He was born on April 1, 1985 by the hand (and mind) of Plimpton and, for at least a day, Finch was real. But, in reality, Sidd Finch was pure fiction. Plimpton’s intentions were clear: entertain the reader. If his intentions were to create a plausible baseball player he wouldn’t have dreamed up a 168-mile per hour fastball …

Or would he?

“If you read it carefully, some of the stuff is just ludicrous, not to mention, the speed of the ball,” said Lane Stewart, the former Sports Illustrated photographer assigned to illustrate Finch. “There are things in there you could never imagine that anyone familiar with sports could believe. Now, visually, I saw it as one shoe on, one shoe off. But there are a lot of things in there that give it away.”

The phenomenon the three young batters faced, and about whom only Reynolds, Stottlemyre and a few members of the Mets’ front office know, is a 28-year-old, somewhat eccentric mystic named Hayden (Sidd) Finch. He may well change the course of baseball history. On St. Patrick’s Day, to make sure they were not all victims of a crazy hallucination, the Mets brought in a radar gun to measure the speed of Finch’s fastball … the gun was handled by Stottlemyre. He heard the pop of the ball in Reynolds’s mitt and the little squeak of pain from the catcher. Then the astonishing figure 168 appeared on the glass plate. Stottlemyre remembers whistling in amazement, and then he heard Reynolds say, “Don’t tell me, Mel, I don’t want to know…”

It was just unbelievable. A ballplayer wearing an old workboot, tied above the ankle on his right foot and the nadir of his left limb completely bare.
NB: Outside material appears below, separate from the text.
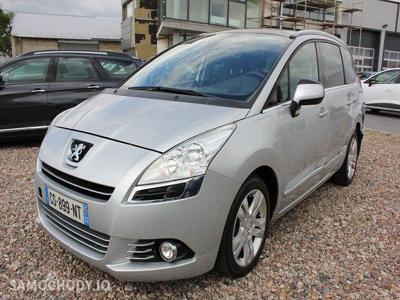 Używane Peugeot 5008 Uszkodzona lewa strona, 2.0 hDI 160 KM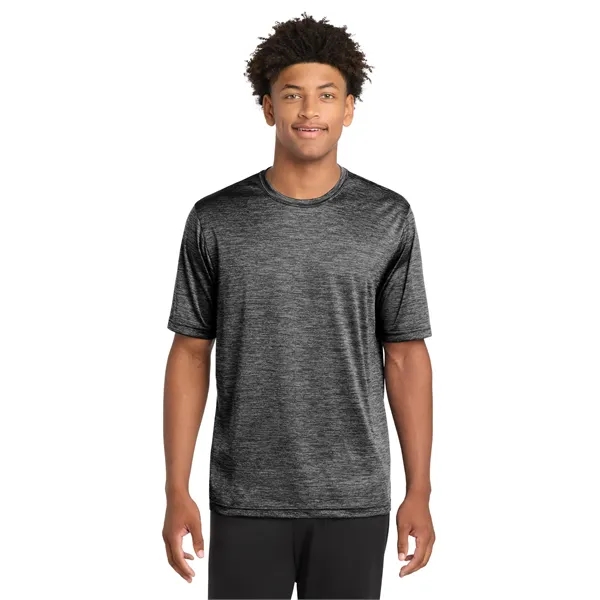 Sport-Tek PosiCharge Electric Heather Tee. - Sport-Tek PosiCharge Electric Heather Tee. - Image 11 of 34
If Plimpton’s outlandish tale didn’t give it away then, clearly, Stewart’s photos would.

Sidd Finch in BootsOr would they?

“The photo I took, one boot off, one boot on, is the best example,” said Stewart. “The contact between the feet and the surface is critical in sports. I just thought that anybody, anybody, that’s ever been involved with sports would look at that — one workboot not tied up, one boot off — and think this guy just ain’t real!

“I photographed that in so many different combinations … with uniform, with no uniform, with split uniform, with one boot off, with two boots on and totally barefoot. I fought against that selection of the picture as the opener because, I said, you’re gonna give it away in the opener. I was just dead set against it.”
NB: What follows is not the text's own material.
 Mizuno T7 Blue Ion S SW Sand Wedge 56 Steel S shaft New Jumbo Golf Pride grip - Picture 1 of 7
Editors felt that was the way Plimpton scripted it, that’s what Sports Illustrated will publish. Besides, no one will actually believe it … Or would they?

THE BIRTH OF A PHENOM 

It started with a simple meeting. In early 1985 Plimpton huddled in New York offices of Sports Illustrated with then managing editor Mark Mulvoy and articles editor Myra Gelband and created what publisher Robert Miller later described in a letter to readers as “a baseball player who had never been in the game at any level.”
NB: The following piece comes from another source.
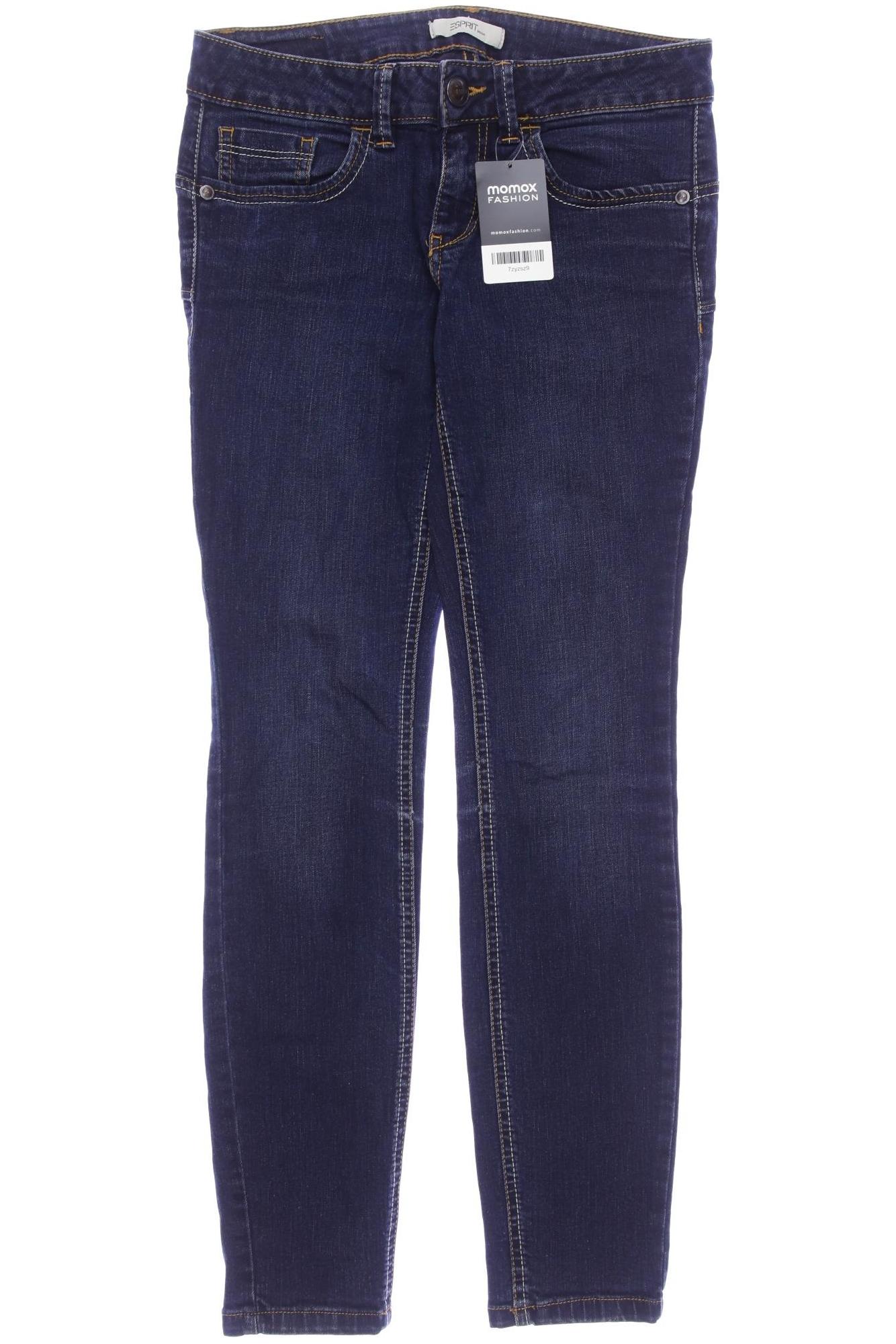 

Esprit Damen Jeans, marineblau, Gr. 26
Weeks later and minutes after Gelband received the first draft, Plimpton was on the phone.

“What do you think?” he asked.

Gelband read the article on the train home that evening and called Plimpton the next morning.

“Has Mark [Mulvoy] read it?” asked Plimpton.

“I’m giving it to him now,” said Gelband.

“Well, call me as soon as he reads it,” said Plimpton.

“George wants to know what we think of it,” Gelband told Mulvoy, passing off the manuscript. In the 2008 biography of Plimpton’s life “George Being George” Gelband said, “I don’t think I was even back at my desk yet when Mark called me, laughing.”

“I’m on page four,” he said.

“Keep going, it gets better,” said Gelband.

Stewart had spent more than two decades as a photographer at SI, including two “Sportsman of the Year” covers, by the time Plimpton’s outline landed on his desk.

“I was strictly a feature photographer,” he said. “A lot of my competitors used to say that I was the guy who photographed things that didn’t move. There’s a lot of truth to that. I’m not a sports fan. I am not an action photographer. I was an odd photographer for Sports Illustrated.”

It was Plimpton’s description of the fictional character Sidd Finch that lead Stewart to his friend and occasional assistant Joe Berton, a junior high school art teacher in Oak Park, Illinois.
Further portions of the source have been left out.